For our practices, our faith, and our mysteries being both involved in spirituality and witchcraft/magic are deeply intertwined. In initiatory Wiccan trads, you are initiated as a “witch and priest/ess”. The connection is implicitly and explicitly made between your magical practice and your relationship and responsibilities to the gods as a whole, and that role is one of service. While creating a magical priesthood via initiation is not a universal concept across all pagan mystery traditions, that connection between your relationship with the gods and your magic/witchcraft is made clear both in practice and on an esoteric level. Initiations transform you and your life, and begin that necessary relationship to a god or multiple gods. If a relationship is already present, it creates a new layer or level of that relationship which allows us to experience both them and our lives in a completely different way.

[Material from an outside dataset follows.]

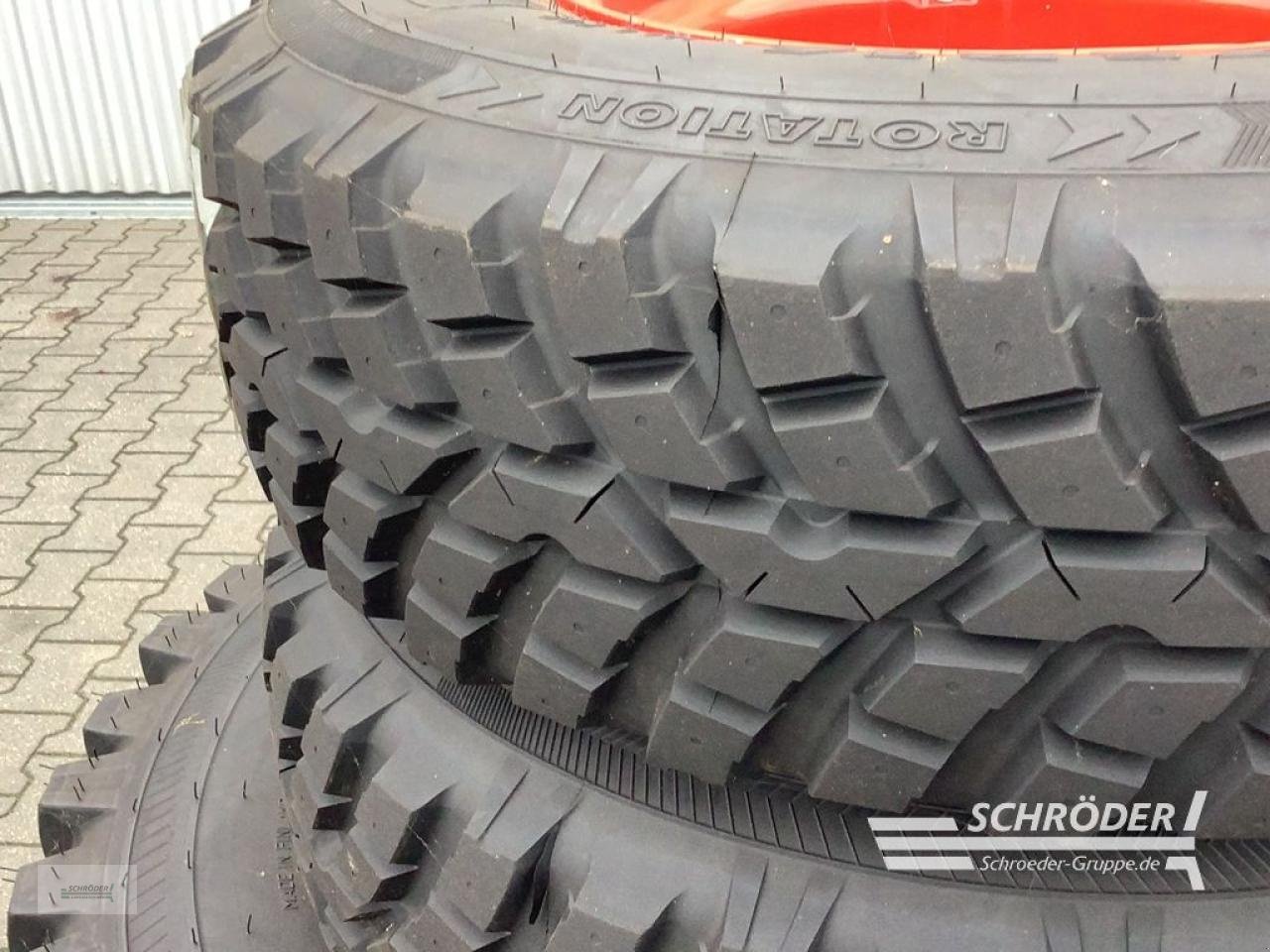 Zwillingsrad des Typs Nokian 250/75 R16 + 420/65 R24, Gebrauchtmaschine in Schwarmstedt (Bild 3)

Initiation and the connection it provides between us and them alters us fundamentally.Much of religion is about that connection, but the purpose of mystery traditions is to take that to a whole new level: to transcend the human condition, provide us with assurance of an afterlife, and to create a transformative experience that can only be processed in a particular setting and intent. And not only that, but to give and teach the tools necessary in order to make the most out of that experience in your day to day lives, particularly in regards to your spiritual and magical practice. Of course, the old axiom of “with great power comes great responsibility” also falls into play here. Eventually, the initiate has learned enough to turn around and teach others, and essentially “pay it forward”–and herein lies part of that responsibility.
One of the most fundamental lessons I’ve learned as an initiate is the importance of paying it forward, not just within your tradition but within the community as a whole. How can I be more useful? What can I do with the tools that I’ve been given and what I’ve learned about how to use them that can better help not just my life, but those around me? Where does the process lead me as a whole, and where would the gods like me to be? This is a hard question to answer, and it’s not a universal one. What is the right answer for myself won’t be for another initiate. Everyone has their strengths and weaknesses to bring to the table, and where those strengths lie is frequently where that answer can be found. There are many ways in which someone can use what they’ve learned in their respective paths to benefit the world around them, and I do not believe that there’s any one single way to do that. To each one’s own capacity, and to each one’s own path.